Well, since old customers are more likely to convert than new users, and since new customers are more likely to discover you via your marketing channels than old customers who will already have your site bookmarked, this could be a sign that one of your marketing channels isn’t doing too well.

Divide your traffic data up by the different sources from where it came, and you’ll probably uncover the particular channel which needs fixing. Perhaps Google have given your site a ranking penalty, so you’re getting fewer new users finding you via search. In a similar vein, perhaps you’ve gone over your budget for PPC and your ads have abruptly stopped showing to users.

Notice how we’ve uncovered the bigger picture by looking at smaller segments of your data, comparing them with other performance metrics and working out how they fit into known user behaviour patterns?

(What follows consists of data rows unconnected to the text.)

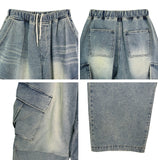 Lind Big Cargo Banding Denim Pants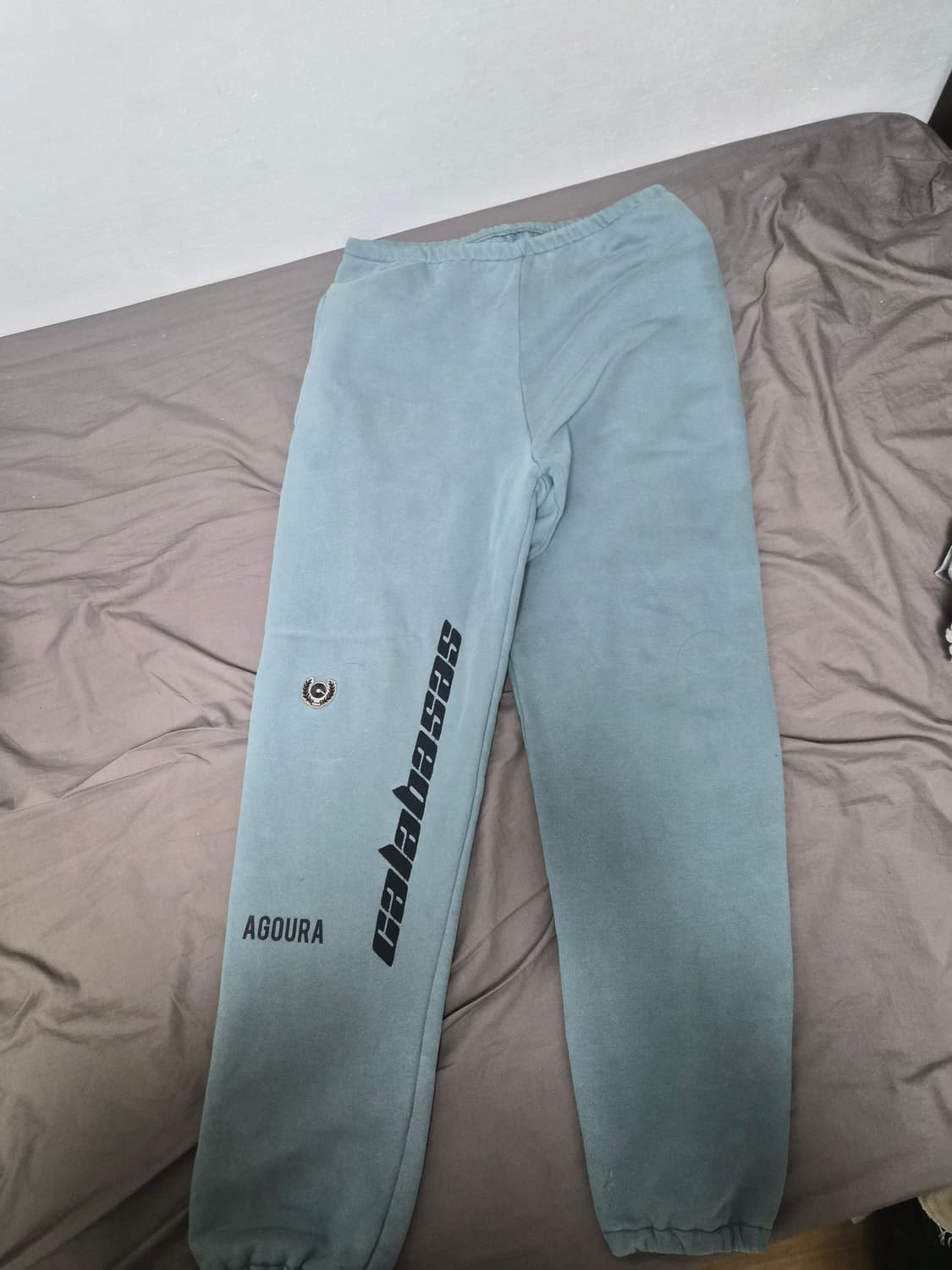 이지시즌 칼라바사스 스웻팬츠 블루 상품이미지1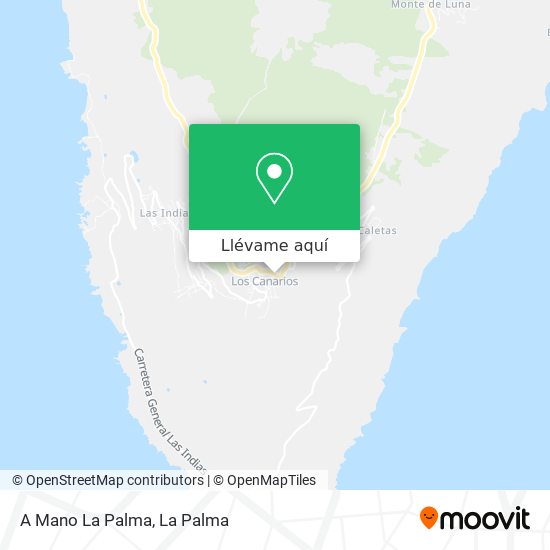 Mapa A Mano La Palma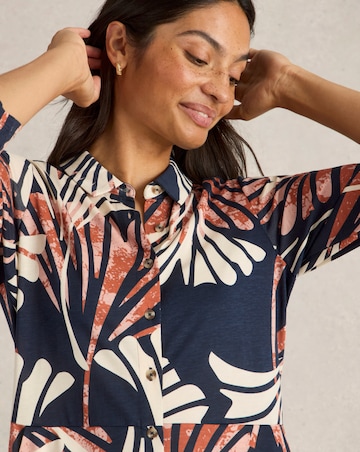 White Stuff Rua Jersey Shirt Dress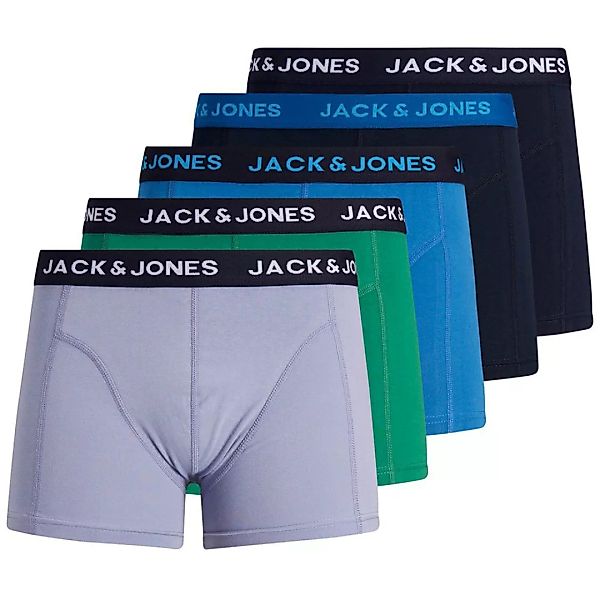 Jack & Jones Bayer Boxer 5 Einheiten S Navy Blazer / Detail Purple Impressi günstig online kaufen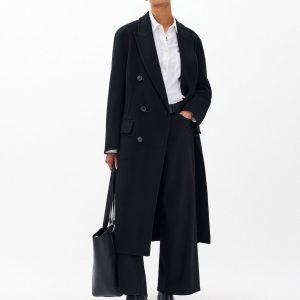 Vasso Wool Coat - Black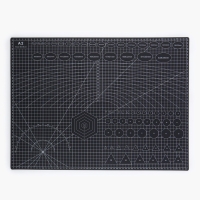 Мат для резки, пятислойный, 60 &times; 45 см, А2, цвет чёрный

This is necessary if you want to determine the root of your conversion rate problem (or ascertain if there’s even a real problem in the first place).

Here’s a few more examples of smaller conversion issues which your overall conversion rate might be hiding from you, and some of the actions you can take to optimise your e-commerce site.

Make product pages more visual

A particular manufacturer’s products just aren’t selling. You’re getting plenty of customers viewing the products, but next to no one is adding them to their baskets. It can’t be the products themselves – they’re getting good reviews elsewhere and they’re a good fit for the types of customers you’re attracting. Meanwhile, on the page, the content is informative and engaging and the trust signals and CTAs are in full view. So why aren’t they selling?

The weak link might be the images the manufacturer in question has supplied for you. All product pages should offer crisp, clear, high-resolution images of the item from multiple angles. For most products, it’s also wise to have a few shots of them being modelled, so the customer can get a better idea of how they’ll look/work if they purchase them.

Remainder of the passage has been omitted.